OAO Uralkali, the world’s largest potash producer by output, will seek to maintain prices as it prepares to sign contracts with India and China and global droughts impoverish the soil, said Chief Executive Officer Vladislav Baumgertner.
“We will do our best to protect the current prices,” Baumgertner said in an interview at Bloomberg headquarters in New York yesterday. “We see a stable price environment in key markets this year.”
Dry weather in countries including the U.S., Australia and Russia this year has left soil parched, damaging crops. Potash, a form of potassium, is used by farmers to strengthen stalks and roots and help plants fight disease.
Uralkali jumped 2.9 percent to $42.18 by 1:12 p.m. in London, heading for the highest close since July 20. The shares rose 0.8 percent to 259.22 rubles in Moscow, extending its gain this year to 11 percent. The ruble-denominated Micex (INDEXCF) benchmark stock index has gained more than 9 percent in 2012.
Uralkali will probably sign a new contract with China by November and a new contract with India “immediately after that,” he said.

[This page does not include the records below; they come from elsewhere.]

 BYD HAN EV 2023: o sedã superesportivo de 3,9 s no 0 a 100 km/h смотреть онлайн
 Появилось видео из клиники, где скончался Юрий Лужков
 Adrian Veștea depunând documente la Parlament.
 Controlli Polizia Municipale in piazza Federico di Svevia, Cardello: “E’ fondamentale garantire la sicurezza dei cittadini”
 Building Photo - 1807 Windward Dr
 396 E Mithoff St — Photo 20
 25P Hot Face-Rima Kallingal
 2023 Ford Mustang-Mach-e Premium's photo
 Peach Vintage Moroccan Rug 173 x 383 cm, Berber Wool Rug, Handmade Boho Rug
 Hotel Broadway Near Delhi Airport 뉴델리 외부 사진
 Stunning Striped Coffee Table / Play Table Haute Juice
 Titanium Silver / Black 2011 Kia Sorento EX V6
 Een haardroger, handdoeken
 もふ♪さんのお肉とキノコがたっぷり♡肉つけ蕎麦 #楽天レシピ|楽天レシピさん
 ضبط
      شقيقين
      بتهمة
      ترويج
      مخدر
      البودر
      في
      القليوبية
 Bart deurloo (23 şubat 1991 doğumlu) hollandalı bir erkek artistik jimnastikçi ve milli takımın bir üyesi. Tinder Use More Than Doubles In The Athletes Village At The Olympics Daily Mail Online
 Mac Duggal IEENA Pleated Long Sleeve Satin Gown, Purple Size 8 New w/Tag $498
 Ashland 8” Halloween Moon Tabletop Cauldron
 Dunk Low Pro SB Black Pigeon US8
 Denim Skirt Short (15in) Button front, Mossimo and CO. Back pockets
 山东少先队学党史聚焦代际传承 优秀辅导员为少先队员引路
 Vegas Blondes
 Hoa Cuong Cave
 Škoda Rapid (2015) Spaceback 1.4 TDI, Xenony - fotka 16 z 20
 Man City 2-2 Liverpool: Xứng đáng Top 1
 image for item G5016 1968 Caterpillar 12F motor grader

Belarusian Potash Co., a trader part owned by Uralkali, has held the potash price for China at $470 a metric ton since the second half of 2011, and for India at $490 a ton since August 2011.
The devaluation of the Indian rupee and an end of subsidies for farmers reduced demand for Uralkali’s potash, Baumgertner said. China and India could generate an increase in fertilizer consumption if the nations focus on domestic food production as opposed to imports, he said.
“We don’t see governments in China and India acting rationally,” Baumgertner said. “But we see huge potential there.”